Problem description
Look through the data below for the line with "Santa Roas Route 66 sign" and the line with "Textil-Autoteppiche Volvo 740/760", then transcribe exactly from the first through the second, leaving out all pictures.

Dataset records
####################
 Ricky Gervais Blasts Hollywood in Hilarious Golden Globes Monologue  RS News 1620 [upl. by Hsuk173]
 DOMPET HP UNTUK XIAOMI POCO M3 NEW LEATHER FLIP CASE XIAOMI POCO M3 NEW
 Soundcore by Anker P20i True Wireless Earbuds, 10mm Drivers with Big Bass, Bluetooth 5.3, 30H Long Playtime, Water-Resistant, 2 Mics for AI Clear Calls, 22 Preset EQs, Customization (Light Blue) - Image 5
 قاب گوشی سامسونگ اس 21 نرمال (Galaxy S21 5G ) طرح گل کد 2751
####################
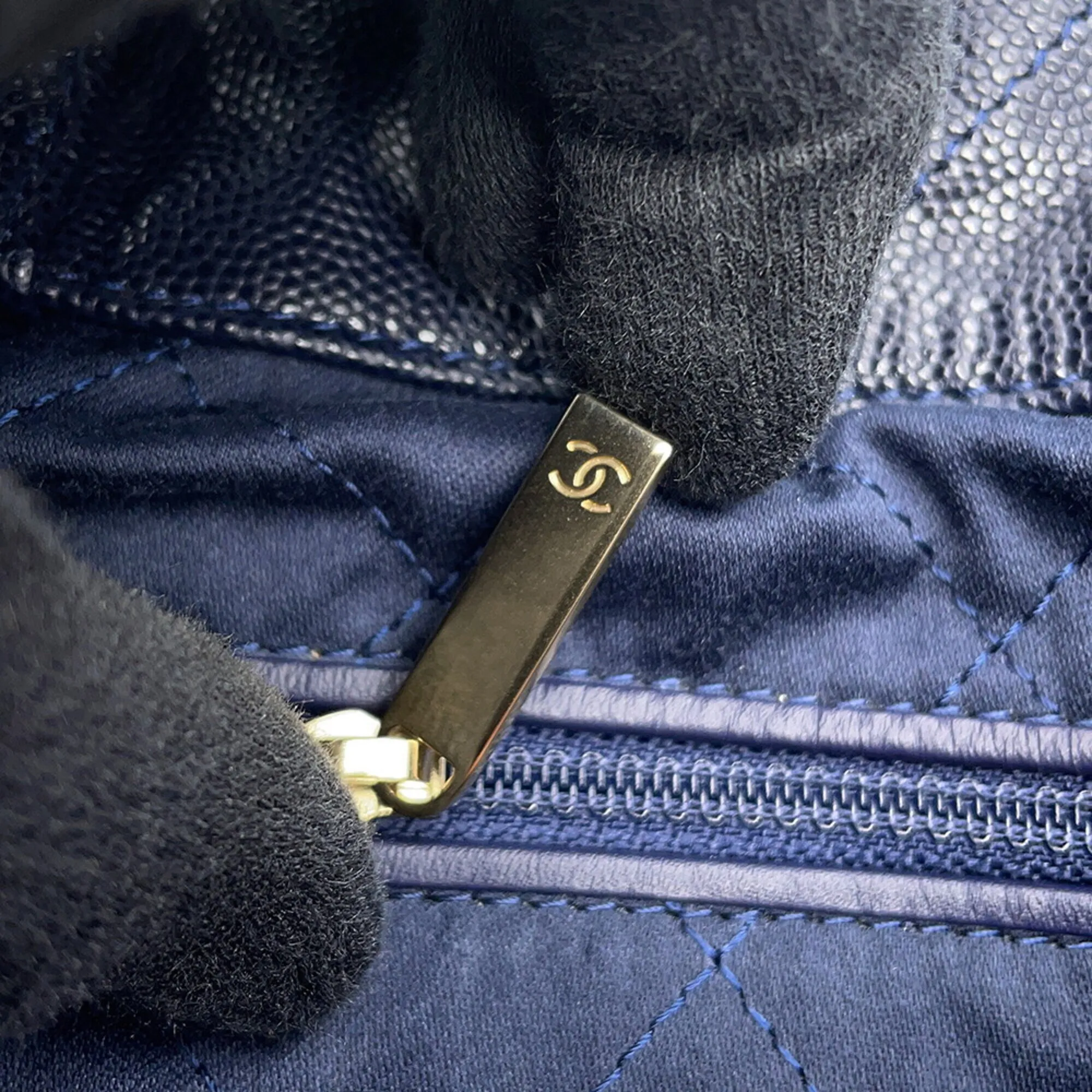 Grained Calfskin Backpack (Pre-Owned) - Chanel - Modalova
####################
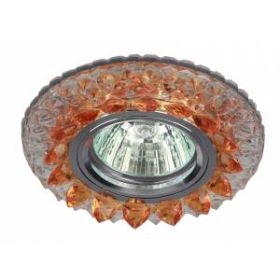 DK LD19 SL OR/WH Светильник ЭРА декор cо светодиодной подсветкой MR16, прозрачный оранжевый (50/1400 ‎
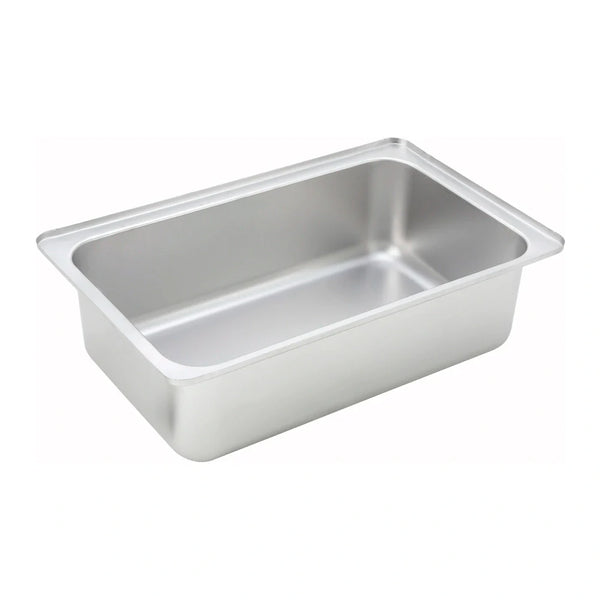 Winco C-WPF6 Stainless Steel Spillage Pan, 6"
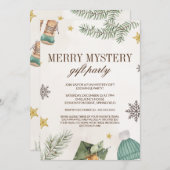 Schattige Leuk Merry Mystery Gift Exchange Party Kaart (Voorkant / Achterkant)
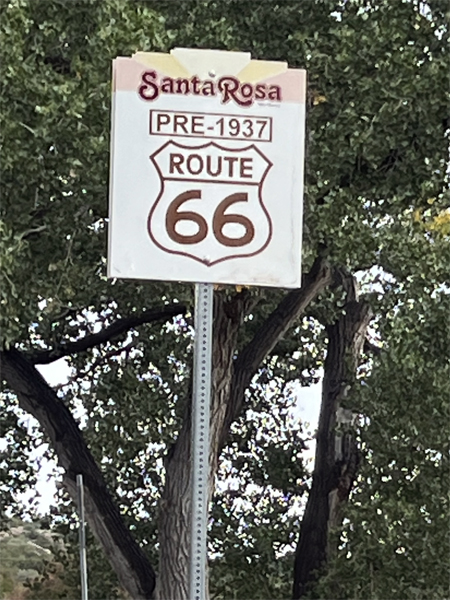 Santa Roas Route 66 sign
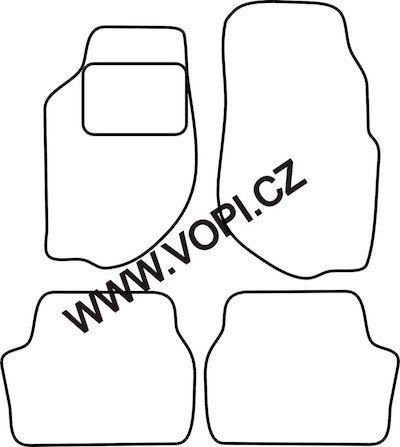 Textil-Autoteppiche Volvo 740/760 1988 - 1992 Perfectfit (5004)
####################
Response area
 Santa Roas Route 66 sign
 Textil-Autoteppiche Volvo 740/760 1988 - 1992 Perfectfit (5004)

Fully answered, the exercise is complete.